A MODEL which would estimate soil moisture at different depths across the Wheatbelt is under development by a PhD student at The University of Western Australia (UWA).
The model, designed by Atbin Mahabbati, works by using two types of satellite images as well as ancillary data - including new methods to gap-fill meteorological data and important fluxes such as the carbon dioxide flux which Mr Mahabbati is also researching - if needed.
The aim is to develop the model in such a way that it needs minimum input features, which are available for the entire region.
Mr Mahabbati said after receiving the input data, the model used two cutting-edge machine learning algorithms to provide two things.
"The first is analysing the consequential effects of the surface moisture, captured by satellite images, on the current soil moisture in depth," Mr Mahabbati said.
"The second is mapping the surface moisture to the different depths, down to two metres, and the entire Wheatbelt region.
"In other words, the model provides a daily 3D map of soil moisture at the resolution of 100100 squared metres."
Generally speaking, the model will help farmers in almost any case where they need a good estimation of soil moisture.
For instance, farmers could find the best time for planting, whether the soil moisture is enough, and the most suitable time for applying fertilisers.
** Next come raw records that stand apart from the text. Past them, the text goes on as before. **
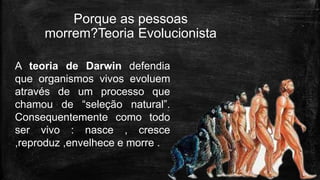 Porque as pessoas
morrem?Teoria Evolucionista
A teoria de Darwin defendia
que organismos vivos evoluem
através de um processo que
chamou de “seleção natural”.
Consequentemente como todo
ser vivo : nasce , cresce
,reproduz ,envelhece e morre .
 
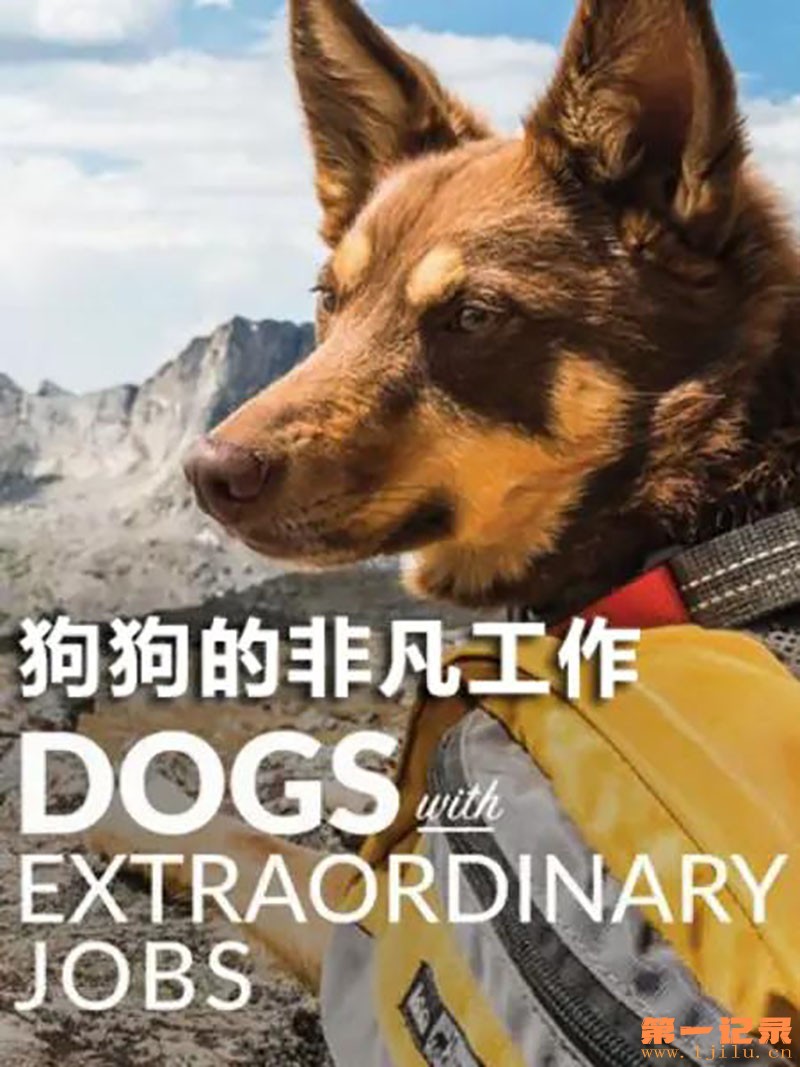 非凡工作犬 2019.jpg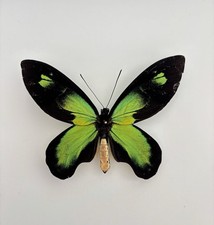 Ornithoptera Victoria Rubianus Mâle A- Cites II/B 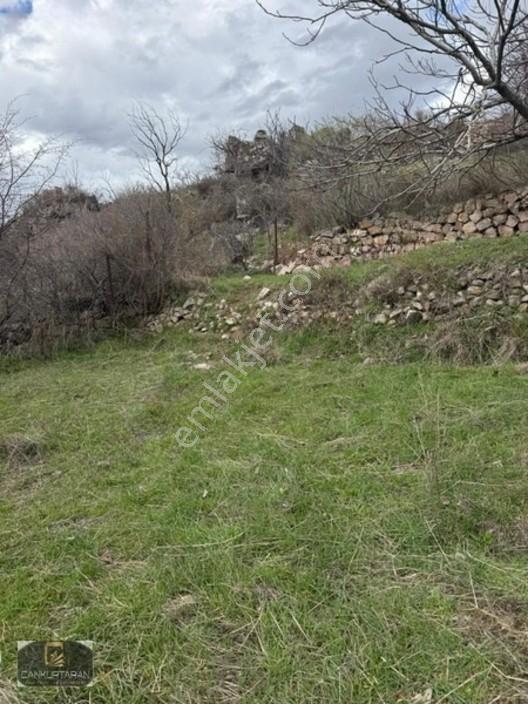 Gesi Güney'de Ev Yapılabilir Satılık Bahçe — fotoğraf 10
These timings have a huge impact on optimising costs and knowing the timings can have a big effect on maximising production and benefits of farms.
Mr Mahabbati said the model he was working on was going to be a tool for WA farmers to improve their efficiency, which would hopefully be a big step towards precision agriculture.
"A prominent factor in efficiently using fertilisers, at least in some cases, is to make sure that the soil has or will receive enough moisture," he said.
"It might not be a big deal when the fertiliser is applied on the surface, or when sufficient rainfall is predicted, however when the fertiliser is supposed to apply under the surface, it is vital to be sure that the soil has enough moisture.
"It is in situations like that where such a model can be really helpful."
The plan for the model had already been provided in detail and the coding part started in mid-January.
Mr Mahabbati has been co-operating with two programmers from UWA's computer science department to finalise the model as soon as possible and the whole project is expected to be done by September.
As for the farmers, it might take longer since intensive quality control is needed in order to ensure the model is reliable and robust enough.
Mr Mahabbati hopes that by receiving support from the State government, or other industry organisations, WA farmers will have access to the model in the second half of 2022.